The present study showed a moderate prevalence rate (33%) of urogenital schistosomiasis among children aged 6–8 years, compared to the other age groups (9–11 [22.5%] and 12–14 years [17.7%]). There was a statistically significant decrease in the prevalence of urogenital schistosomiasis with increasing age. This observation is in agreement with the hypothesis that increasing age is associated with decreasing prevalence of S. haematobium infection in the general population due to the development of age-related acquired immunity [85–87]. However, other recent studies performed along the SRB found contrasting results.
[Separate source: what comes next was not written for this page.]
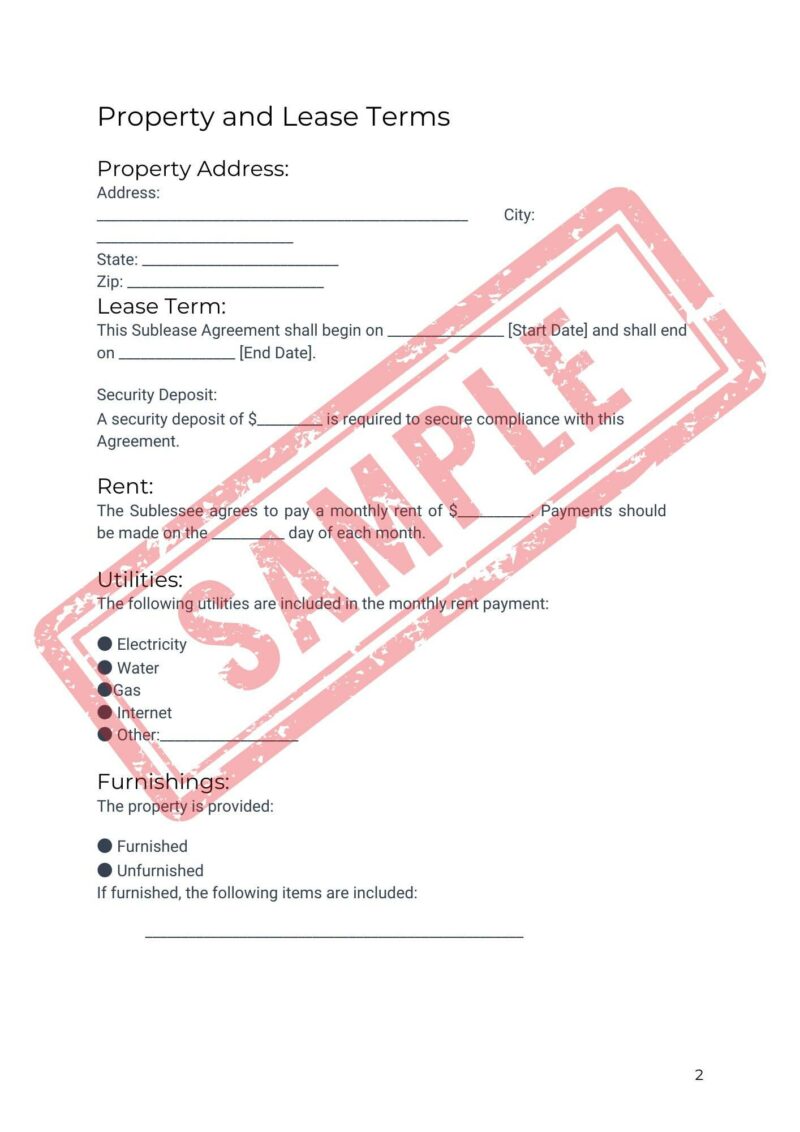 Sample property and lease term document showing sections for address, lease term, security deposit, rent, utilities, and furnishings, with a large red "SAMPLE" stamp across the page.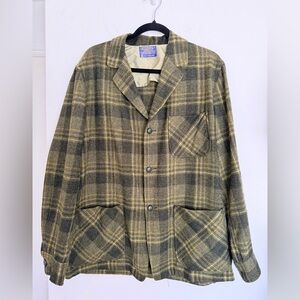 Pendleton Vintage Men’s Wool Plaid Jacket / Shirt Jacket  60’s-70’s.  Size Med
In other African countries, an association between age and S. haematobium prevalence has not been demonstrated consistently [88]. Data from other studies also do not seem to support the development of age-associated acquired immunity during childhood and adolescence [44,89–91]. A recent meta-analysis of urogenital schistosomiasis in children reported that age was an associated factor in only four of 15 included studies [17]. Although studies conducted in Africa generally show that school-age children between 5 and 18 years old are the most affected population group, specific contexts related to occupational hazards (e.g., agriculture, mining, laundry, washing or bathing farm animals, crossing contaminated water bodies) may also lead adults and/or females to be at risk of being exposed to S. haematobium. In Muslim countries, water contact during the obligatory ablutions before prayer has also been reported to be a potential source of infection in all ages and in both sexes although adults tended to have a higher number of water contact through this religious practice [92]. The contradictory data on the most vulnerable age group with relation to urogenital schistosomiasis in Africa call for further large-scale field studies based on similar study design and epidemiological context, including social studies, and meta-analysis for a better understanding of schistosomiasis epidemiology.
Regarding the sex of infected children, our study revealed a higher prevalence of schistosomiasis among boys. This finding is not surprising, particularly in an Islamic country, like Mauritania, where girls are socially precluded from bathing or swimming in open water source while boys are usually allowed to play outside in open water bodies, exposing themselves to the risk of water-borne infections. Similar findings have been reported from some other predominantly Islamic countries in Africa [44,85,93]. However, other studies conducted in Yemen and Sudan reported a similar prevalence rate between the sexes due to the fact that girls are also involved in some water-related domestic activities, such as fetching water and washing clothes and utensils at the contaminated water sources and thus have similar exposure to schistosomiasis as boys [94,95]. Among children, recreational bathing and swimming in Schistosoma-infested water are probably the most common mode of transmission; however, infection may occur away from the contaminated water body if cercariae-infested water is transported for house work, bathing, laundry, bathing farm animals, and possibly drinking [96].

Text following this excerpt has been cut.